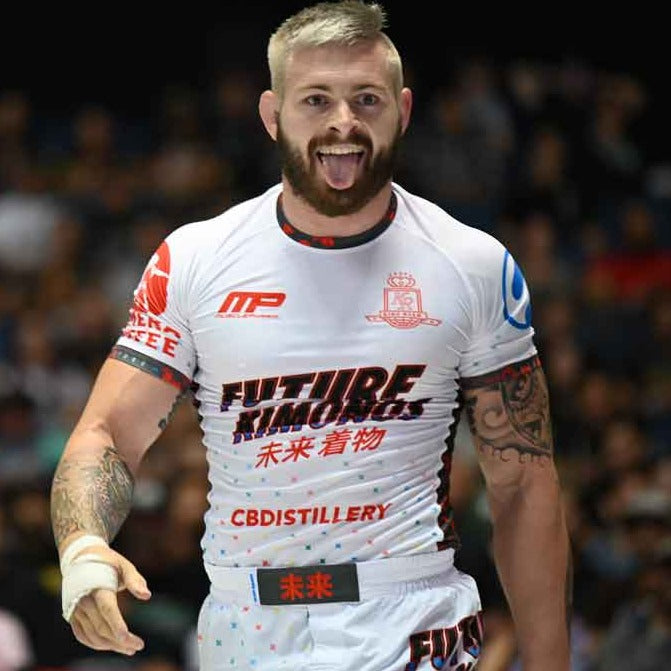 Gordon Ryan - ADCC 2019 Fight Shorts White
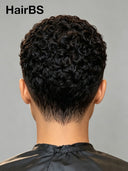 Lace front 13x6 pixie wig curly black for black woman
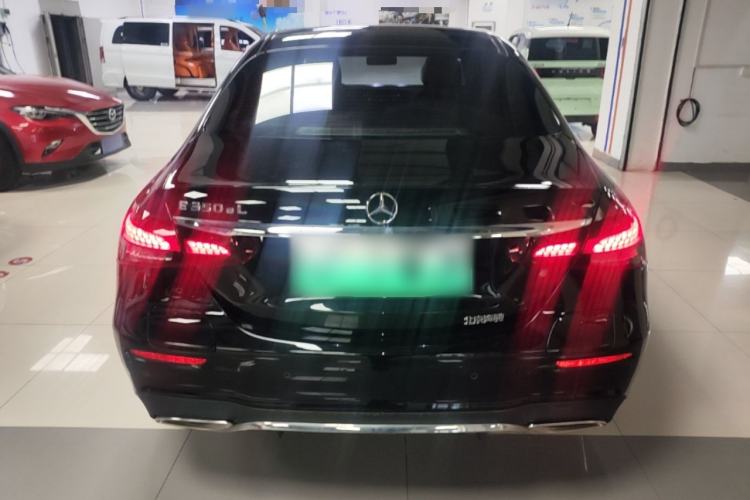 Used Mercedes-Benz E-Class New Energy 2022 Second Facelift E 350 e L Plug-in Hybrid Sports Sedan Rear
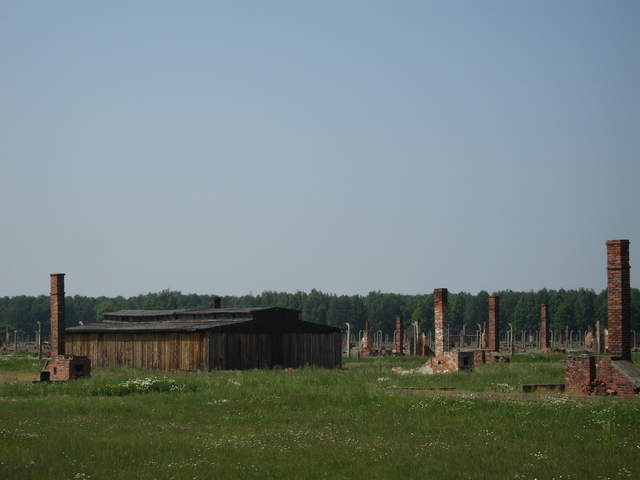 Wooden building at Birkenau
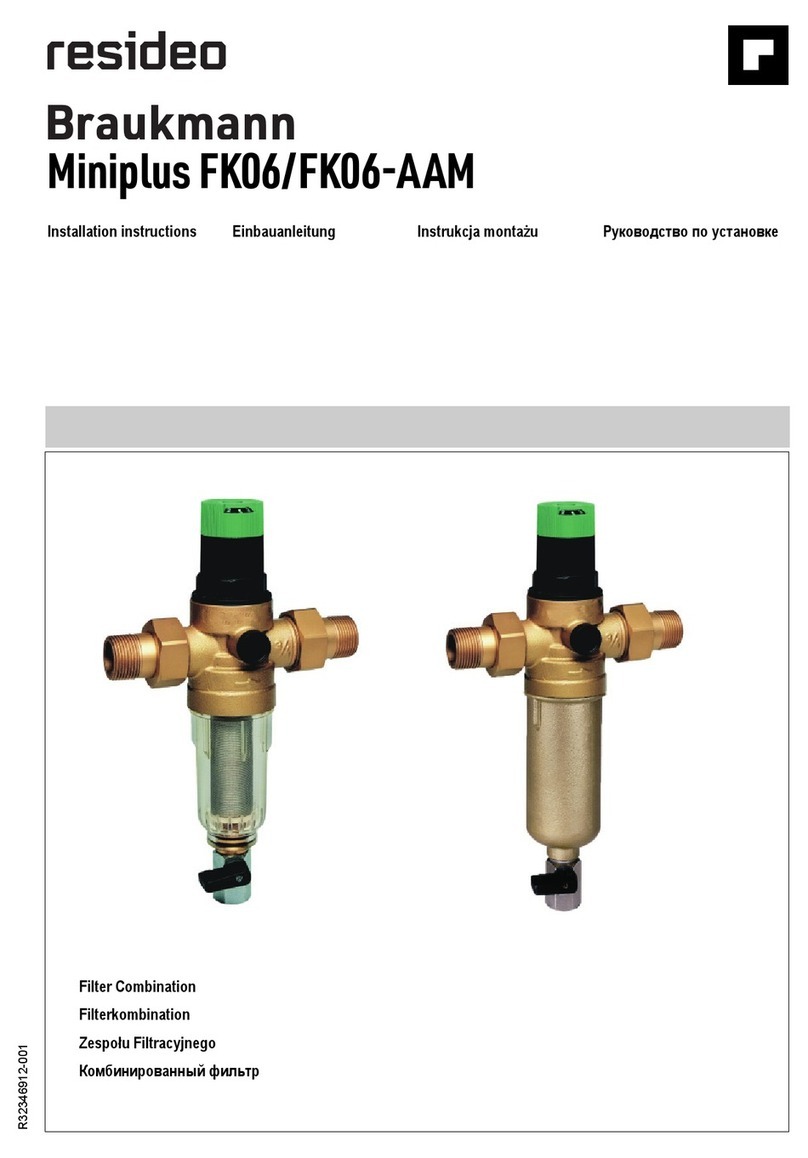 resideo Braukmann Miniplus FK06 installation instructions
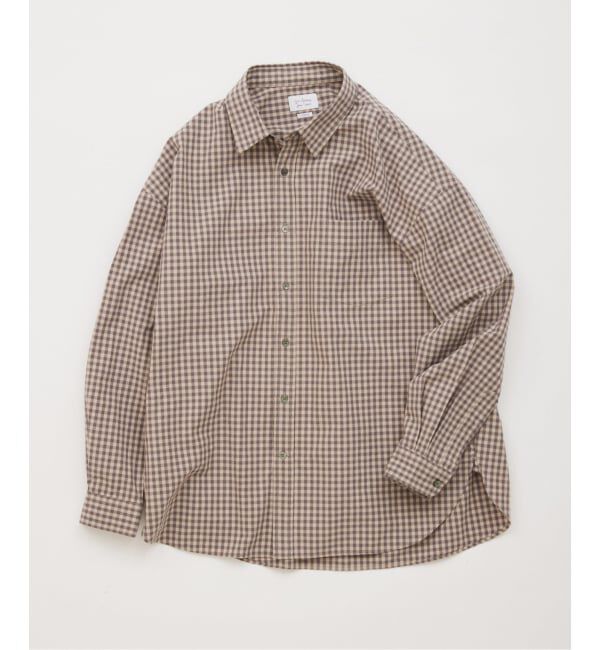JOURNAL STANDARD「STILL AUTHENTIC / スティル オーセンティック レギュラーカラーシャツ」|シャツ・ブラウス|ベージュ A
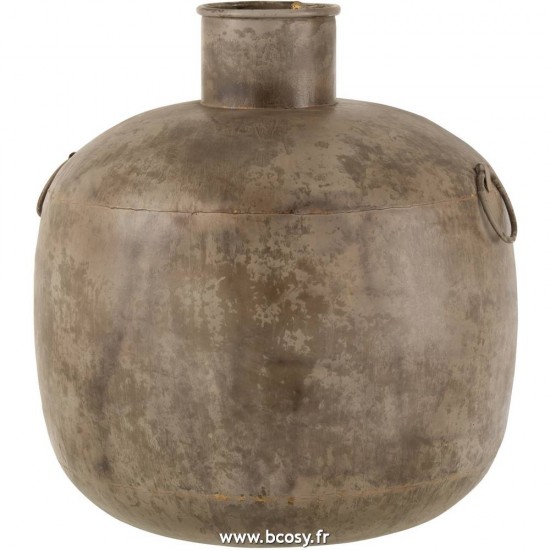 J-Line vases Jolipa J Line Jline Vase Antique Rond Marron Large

--

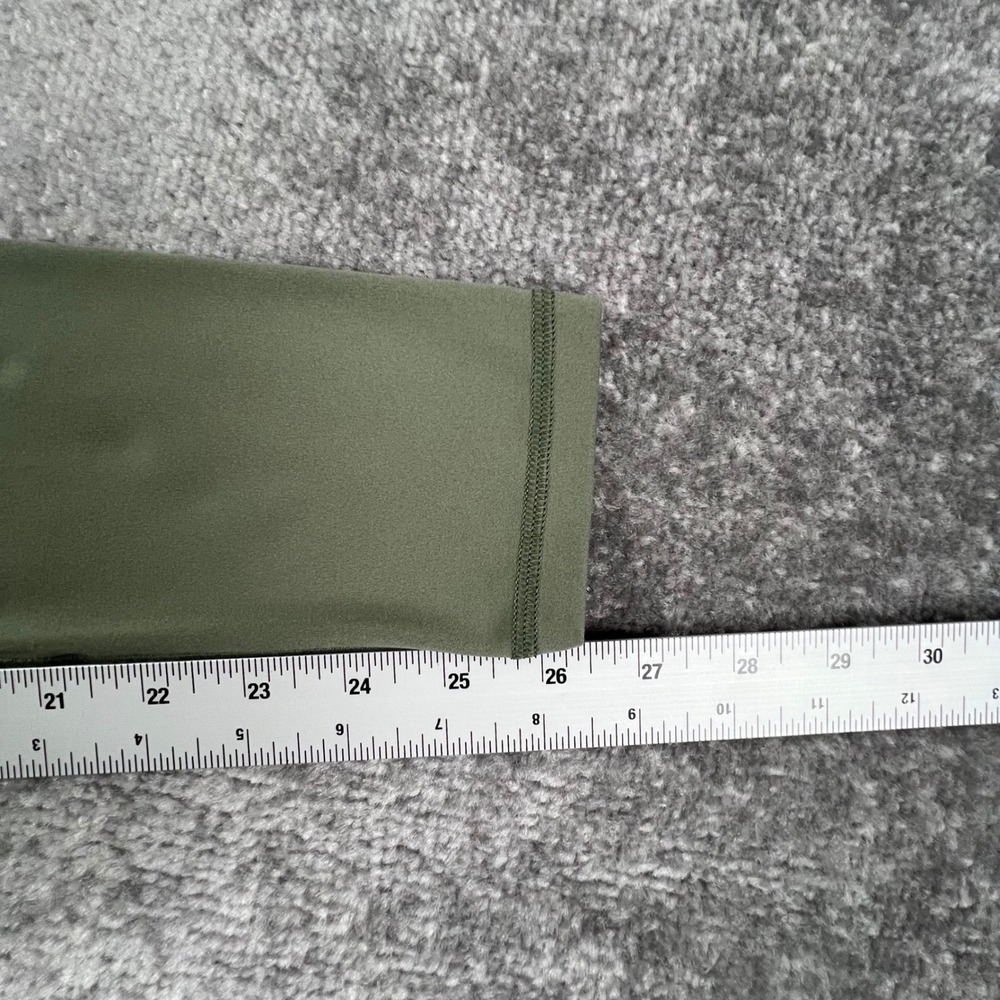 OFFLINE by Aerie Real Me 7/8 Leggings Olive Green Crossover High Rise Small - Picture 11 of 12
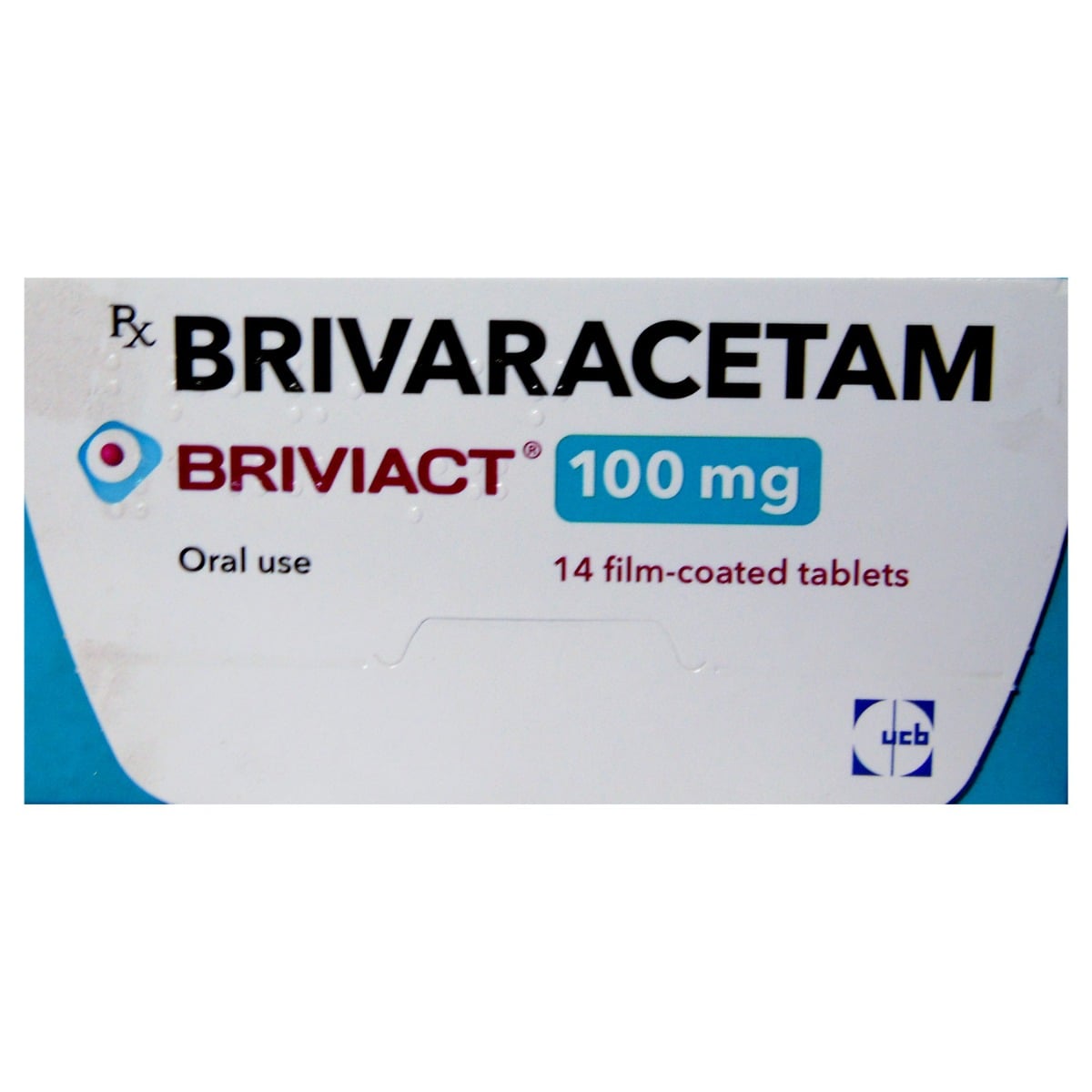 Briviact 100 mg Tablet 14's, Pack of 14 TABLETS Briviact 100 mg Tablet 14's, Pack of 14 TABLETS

---

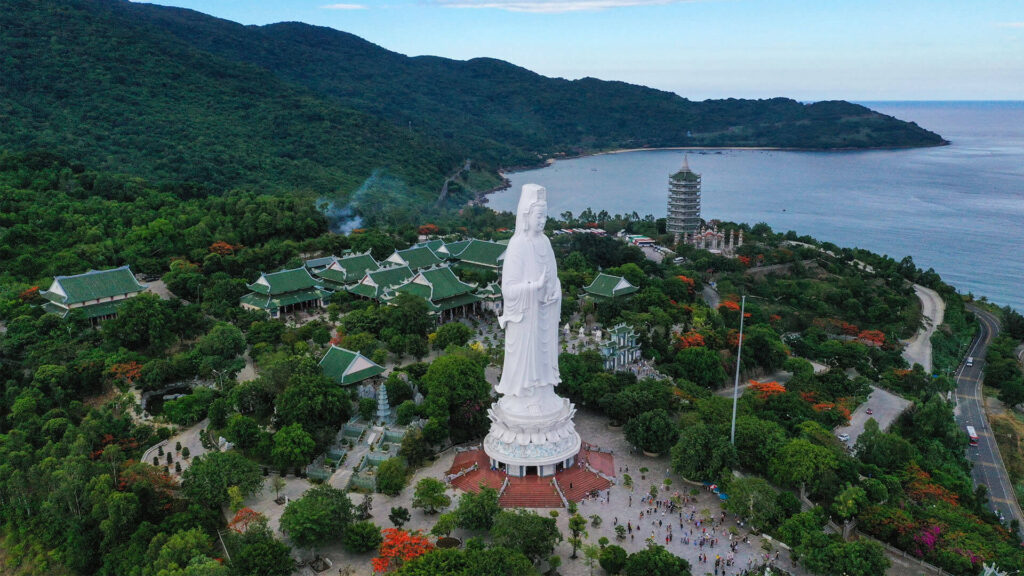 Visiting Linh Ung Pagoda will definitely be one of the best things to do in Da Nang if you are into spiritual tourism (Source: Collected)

# ASSIGNMENT
Look above for the line containing "Wooden building at Birkenau", then copy exactly from it through the line containing "J-Line vases Jolipa", keeping both and leaving out pictures. Add nothing else.

# ANSWER SPACE
 Wooden building at Birkenau
 resideo Braukmann Miniplus FK06 installation instructions
JOURNAL STANDARD「STILL AUTHENTIC / スティル オーセンティック レギュラーカラーシャツ」|シャツ・ブラウス|ベージュ A
 J-Line vases Jolipa J Line Jline Vase Antique Rond Marron Large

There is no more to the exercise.